When Jean Cahn, a Black woman lawyer from Baltimore, set out to create a nationwide legal services program in 1964, she wanted to erect institutions to support low-income people and communities of color in wielding their own power against the systems that create and perpetuate poverty. She had a vision that legal services organizations would become “corporate lawyers” for individuals and community groups. For that, she was labeled a troublemaker and, eventually, pushed to the margins of her own dream.

For decades, the Legal Aid Justice Center has strived to carry out Jean Cahn’s original vision, one that pairs tenacious advocacy for individuals with bold advocacy for systemic reform. In this strategic plan, we asked our clients and community partners, “What does it look like to embrace the radical roots of legal services in the 21st century?”

Their answers were clear:

We must further center our work in deep partnership with communities directly harmed by systemic racism.
 In late 2019, the Legal Aid Justice Center’s Board of Directors approved a strategic plan that explicitly named racial justice as core to the organization’s anti-poverty mission. In this plan, we commit to meeting a community’s urgent needs for survival by providing them with individualized legal help, while also helping them build their collective power so that they can shape their own futures.

We should expand our presence to work for justice for people across Virginia. 
Our policy advocacy, communications, organizing, and impact litigation already has statewide impacts. It is important that we be accountable to people in communities across the state by expanding our geographic presence and building stronger relationships with impacted people and community partners in areas where we do not currently have staff. 

We must share power and resources. 
To fulfill our mission, we need to draw on the knowledge, skills, time, and labor of other people and organizations, including people from systematically under-resourced communities. We must look for ways to pay them for their labor and expertise, share our knowledge, access, and resources with them, and invite them into decision-making. 

We must apply our values to our own internal systems and culture. 
We cannot achieve the change we wish to see in the world unless we ourselves adopt deliberate anti-racism policies and practices. It is critical that we embed LAJC’s commitment to racial justice throughout the organization by supporting the well-being of our staff and by applying an anti-racist analysis to programs, strategic planning, and internal policies and systems. 

To make all of this happen, our plan calls on us to take the following steps:

  • Design and implement organization-wide standards for centering community voices in our advocacy
  • Building from our farmworker project, create a new program centering on workers and workplace justice
  • Invest in our health justice efforts with the creation of a new program dedicated to tackling the vast systemic disparities in access to healthcare and public benefits
  • Expand our physical operations by rebuilding our presence in Petersburg and establishing a new presence in Hampton Roads
  • Improve our capacity to provide legal, organizing, fundraising, communications, and other kinds of support to help community groups achieve their goals 
  • Audit and improve our internal systems to ensure that they uphold our commitment to equity, transparency, and power-sharing across the organization 
  • Provide competitive salaries and benefits, offer permanent flexible work, increase operational and administrative support, and maintain a culture of radical love and acceptance, and support of each other 

Thank you to The Spark Mill for bravely leading a bunch of intrepid lawyers and community activists through this planning process. Thank you to the community partners who cared about us enough to offer their wisdom and insights. And thank you to all the troublemakers who dare to work at and with LAJC to hold the legal system and other powerful structures accountable to the people. 

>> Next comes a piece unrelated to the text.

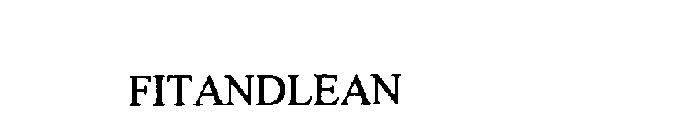 FITANDLEAN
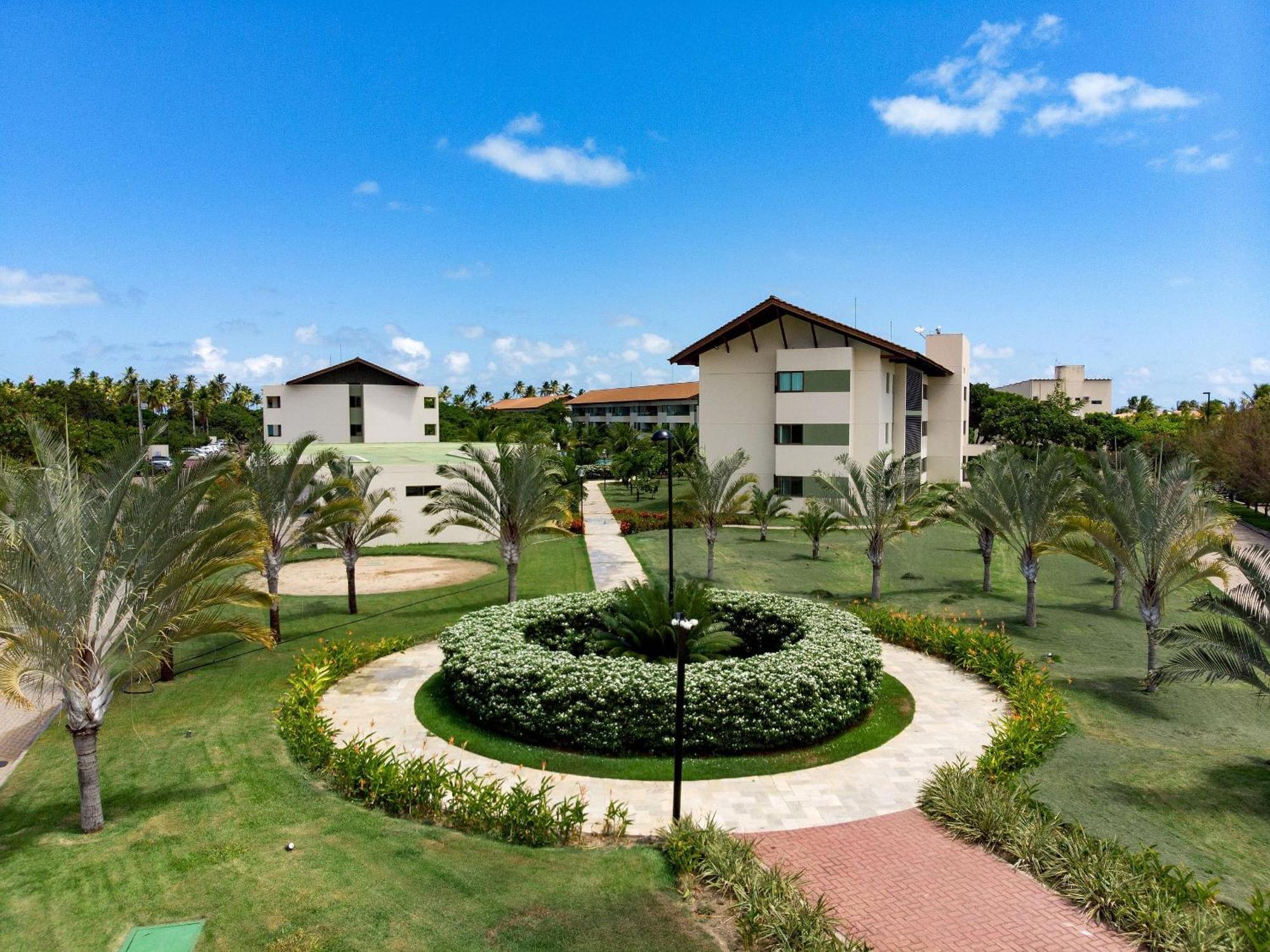 Carneiros Beach Resort Прая-дос-Карнейрос Экстерьер фото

Here’s to our radical roots,

*Note: throughout this plan, when we refer to “community” or “communities,” we mean groups of people linked by common interests and experiences that reflect the impact of economic inequity, racist policies, and current and historical disinvestment in them as individuals, families, neighborhoods, and more broadly impacted groups. Communities can be united by identity (e.g., immigrants), experience (e.g., poverty), geography (e.g., Richmond), relationship to an unjust policy (e.g., criminal record), and more. We prioritize partnership and service to individuals directly impacted by systemic injustice and groups predominantly composed of and/or led by those individuals, and we also listen to and work alongside individuals and groups who are not themselves directly affected but who are primarily engaged in activities for the benefit of directly affected people. Because we live in a racially structured society that causes racial inequity across systems, we cannot effectively address poverty without listening to communities of color and those organizing to dismantle the systems that create and perpetuate poverty.

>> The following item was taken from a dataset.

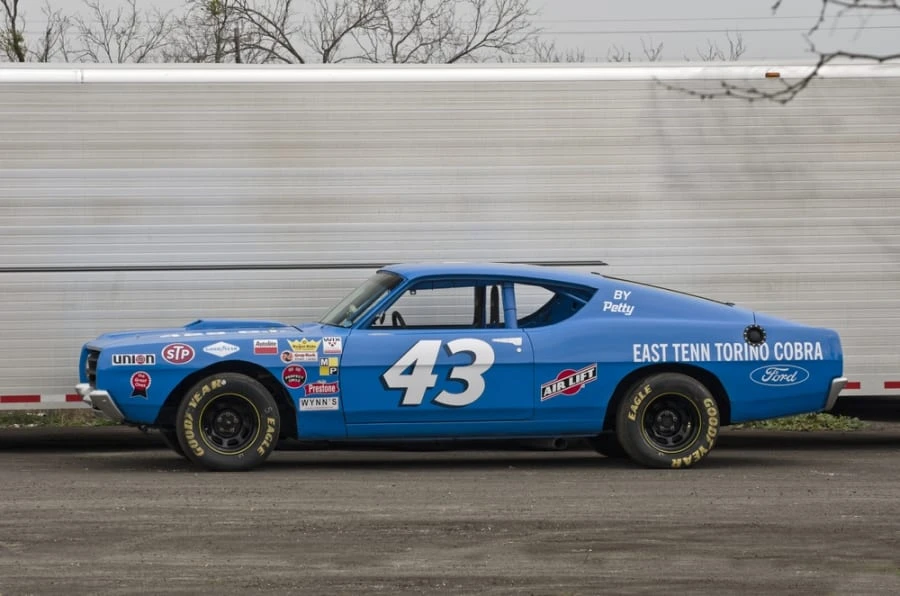 1969 Ford Torino 1st Gen - Image 2 of 10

This strategic plan was put together with the help of The Spark Mill over sixteen months between March 2021 and June 2022. The construction of the plan happened in three phases: Gather, Soak, and Radiate.

Gather: March 2021 – September 2021: 

We knew from the start that we needed both the process and the plan to reflect and advance LAJC’s commitment to community-centered advocacy. In this first phase, The Spark Mill solicited from us a list of community organizations and individuals with whom we partner. The Spark Mill then conducted one-on-one and small group interviews with over 120 external stakeholders and over 60 internal stakeholders asking both prescribed and open-ended questions about LAJC’s current work and their hopes for LAJC’s future and the future of the work. The content of those conversations were then compiled into a report that The SparkMill shared with LAJC Board members and Leadership Team.

Soak: September 2021 – October 2021: 

Through multiple different dedicated planning retreats with the Leadership Team and the Board of Directors, we digested what we learned from the report and developed a broad framework for the plan. The framework described each of the four impact areas of the plan with examples of goals and activities. Following revisions based on additional feedback sessions with internal and external stakeholders, the Board of Directors formally approved the framework on October 21, 2021.

Radiate: October 2021 – June 2022:

Over these eight months, our staff worked within interdisciplinary teams of attorneys, organizers, administrative, and support staff through an iterative process to workshop the language of each impact area statement (the why), to identify goals (the what), and then to develop a timeline of activities and assignments (the how). Each set of components was shared with the Board of Directors across multiple board meetings as they were developed. The plan was finally formally approved by the Board on June 16th, 2022.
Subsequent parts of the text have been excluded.